A valley-ponded unwelded black ignimbrite facies, up to ca. 40 m thick, heavily quarried in several canyons west of Tatvan and between Sarıkum and Kıyıdüzü, consists of black pumice lapilli and bombs up to 30 cm in diameter and represents the bulk of the ignimbrite in the sector Tatvan–Sarıkum (Fig. 9a). The deposit can be subdivided into several flow units differing in grain size, grading and welding. The great thickness of the valley-ponded facies shows that the pre-NF terrain was highly irregular with deeply carved canyons opening into lake Van. The present gently undulating surface morphology is largely the result of smoothing over by the M-NF pyroclastic flows. Evidence of magma mingling (streaky pumice and compositionally contrasting lapilli and corroded feldspar phenocrysts) is common, the relative proportion of trachytic and rhyolitic components being highly variable. The dominant composition is trachyte but the overall black deposit color is due to the abundance of glassy material (obsidian) in lapilli and bombs. Spectacular vapor-phase cemented degassing pipes are aligned on the southern slopes of a small canyon just north of the road Tatvan-Çekmece (Fig. 9a in Sumita and Schmincke (2013a)).

Subfacies-3

Agglutinate phase (M-NF-A): A compact, columnar, brownish to burgundy-colored, generally ca. 2-m-thick sheet of moderately welded tephra directly overlies the basal fallout tephra L-NF in several road cuts for ca. 10 km between the outskirts of Tatvan and the village of Kıyıdüzü (Fig. 7) as well as along the northeastern slope of Nemrut cone where welding is less pronounced. This blanket consists of about 3 subunits with indistinct boundaries that may correspond to the 3 flow units of M-NF in Çekmece village. The unit roughly maintains its thickness even where the local dip is steep as in Simek Bay (south of loc. 85). The regionally nearly constant thickness of this unit across strike over a hilly terrain resembles that of a fall deposit but welding provides proof that the deposit was emplaced hot. We interpret this facies as agglutinate deposited from lava fountains. The agglutinate blanket is transitional south and northeast to the ca. 6-m-thick moderately welded ignimbrite (subfacies 2 above) in the village of Çekmece and to welded ignimbrite exposed in small ravines west of the former Tatvan city dump (Fig. 7, loc. 93).

Subfacies-4

Overbank facies (M-NF-O). Completely unwelded, soft, friable, massive fine-grained ash deposits, up to 2 m thick with a common light brown “cappuccino” hue overlie L-NF, e.g. at locality 72 (Figs. 7, 8). This thin interval presents in a nutshell the striking compositional gradation of the main valley-ponded deposit. The lower rhyolitic white part is possibly correlative to the white surge deposit at the base of the main black ignimbrite (Fig. 9b) while the compositionally and mineralogically more primitive brown massive ash corresponds to the top of the black bomb-rich facies. At slightly higher elevations, M-NF-O is represented by a surge facies (loc. 81) (Fig. 9b in Sumita and Schmincke (2013a)).
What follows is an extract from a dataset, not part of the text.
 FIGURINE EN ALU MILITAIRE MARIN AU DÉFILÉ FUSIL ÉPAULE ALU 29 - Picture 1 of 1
U-NF (Upper Nemrut Formation): Terminal (upper) fallout phase

An extremely lithic-rich, up to 3 m thick coarse fall and surge deposit consisting of darker and denser trachytic pumice and rather denser pumice caps the fine-grained overbank deposits (Figs. 8a and 9c in Sumita and Schmincke (2013a)), the abundance of lithics apparently reflecting final clearing of the collapsed conduit (caldera).
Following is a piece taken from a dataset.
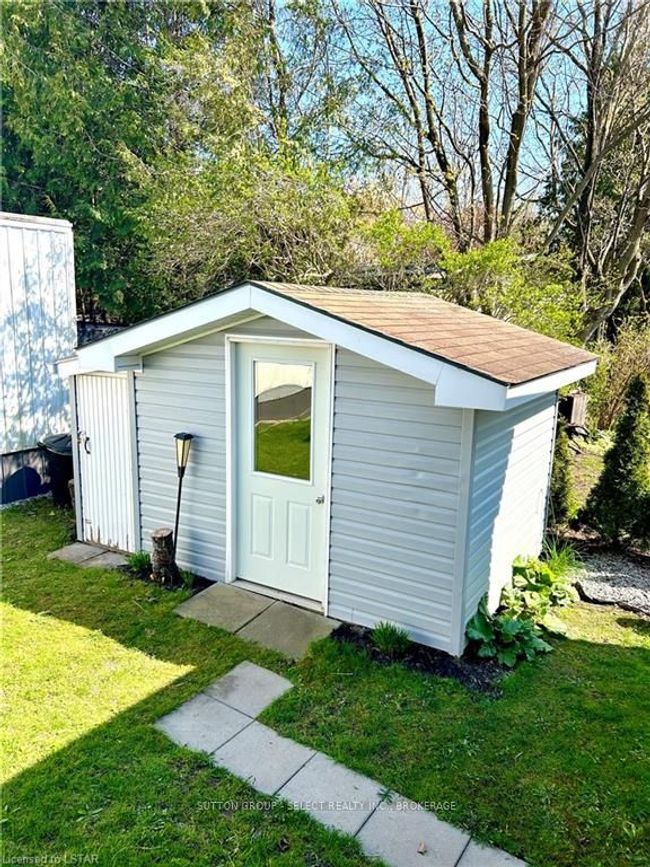 13 Sutton Dr, House other with 2 bedrooms, 0 bathrooms and 1 parking in Goderich ON | Image 5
Regional distribution of NF

We found the equivalent of Nemrut Ignimbrite around the village of Güzelsu ca. 15 km north of the center of Nemrut Caldera. Here, the basal rhyolitic subfacies M-NF-R is represented by white crystal-rich surge deposits up to 4 m thick overlain with a relatively sharp boundary by a massive trachytic ignimbrite distinctly finer-grained than south of Nemrut Volcano (Figs. 9c, d). West of Nemrut Volcano, the uppermost of several ignimbrites that leveled out Muş Basin may correspond to M-NF-I that also appears to have climbed the eastern side of morphologically prominent elongate Mazik Dome. If this areal distribution is confirmed, the total volume of the ignimbrite may be similar in magma volume (DRE) to the basal rhyolite “fall deposit”, which is a reworked facies consisting of pumice lapilli ca. 1 cm in diameter (Mager personal comm.) at Van, 140 km due east of Nemrut Volcano. In any case, the total magma volume of the ca. 30 ka Nemrut Formation deposits may exceed 10 km³ DRE.
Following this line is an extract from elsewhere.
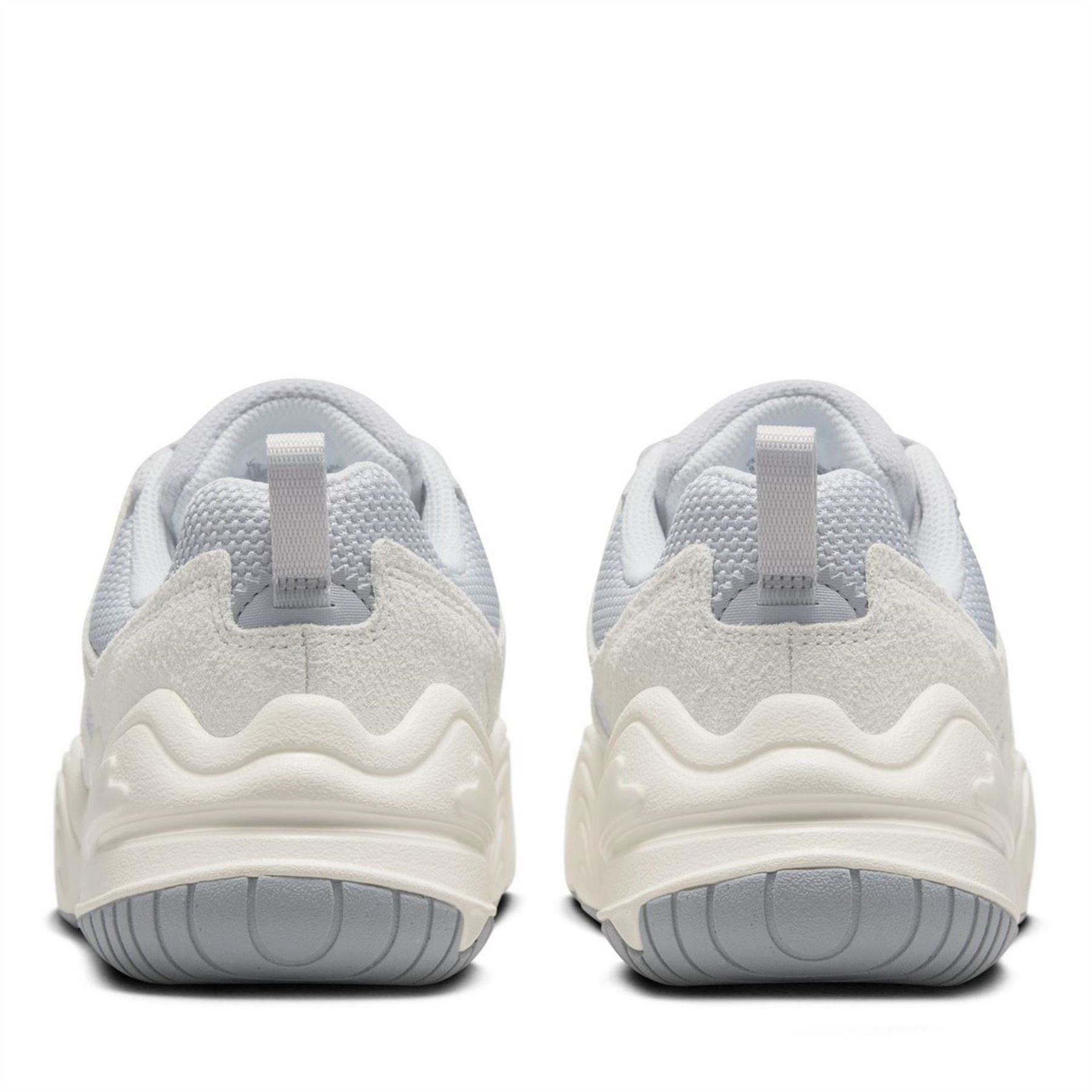 Nike Tech Hera Low Top Sneakers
Mineral and chemical compositions

Below, we briefly summarize the main mineralogical and chemical characteristics of the tephra deposits mainly of Nemrut but also of locally interlayered Süphan tephras that fortunately differ significantly in composition from Nemrut tephra (Sumita and Schmincke 2009, 2012). This summary is based on 140 whole rock (single large lapilli or several adjacent lapilli) major and trace element analyses (Table 1 this paper; Table 2 in Sumita and Schmincke (2013b)) and several tens of thousands of EMP analyses (> 60 Nemrut and Süphan tephra units) of glass shards (e.g. Table 2) and feldspar (Table 3), clinopyroxene (Table 4) and olivine phenocrysts (Table 5), as well as selected glass inclusions; a more in-depth petrological evaluation will be presented elsewhere. Previously published chemical analyses of Nemrut rocks (Pearce et al. 1990; Yılmaz et al. 1998; Özdemir et al. 2006; Çubukçu et al. 2012) are practically all of lavas or intrusions and most lack published documentation of localities, elevation, stratigraphy, and mineralogy.

Table 6 Major compositional contrasts between Nemrut and Süphan tephras

Özdemir et al. (2006) listed plagioclase, clinopyroxene, olivine and amphibole as the major phases in Nemrut magmas joined by K-feldspar, biotite and apatite in the fractionating assemblages during the course of magmatic differentiation. Nemrut Ignimbrite was said to be characterized by sanidine, plagioclase, clinopyroxene and hornblende (Karaoğlu et al. 2005). Çubukçu et al. (2007; 2012) point out that Nemrut volcanic deposits are dominated by silica-saturated peralkaline rocks, plagioclase-bearing units representing only a small fraction and being restricted to mafic compositions. Moreover, they found anorthoclase—rather than sanidine—to be the major K-feldspar, with olivine ranging widely in composition up to fayalite and occurring in all eruptive units of Nemrut; amphibole is restricted to pre-caldera rocks. They also did not find biotite but aenigmatite and chevkinite. Çubukçu et al. (2007; 2012) also agreed with Pearce et al. (1990) on the peralkaline nature of the felsic magmas of Nemrut.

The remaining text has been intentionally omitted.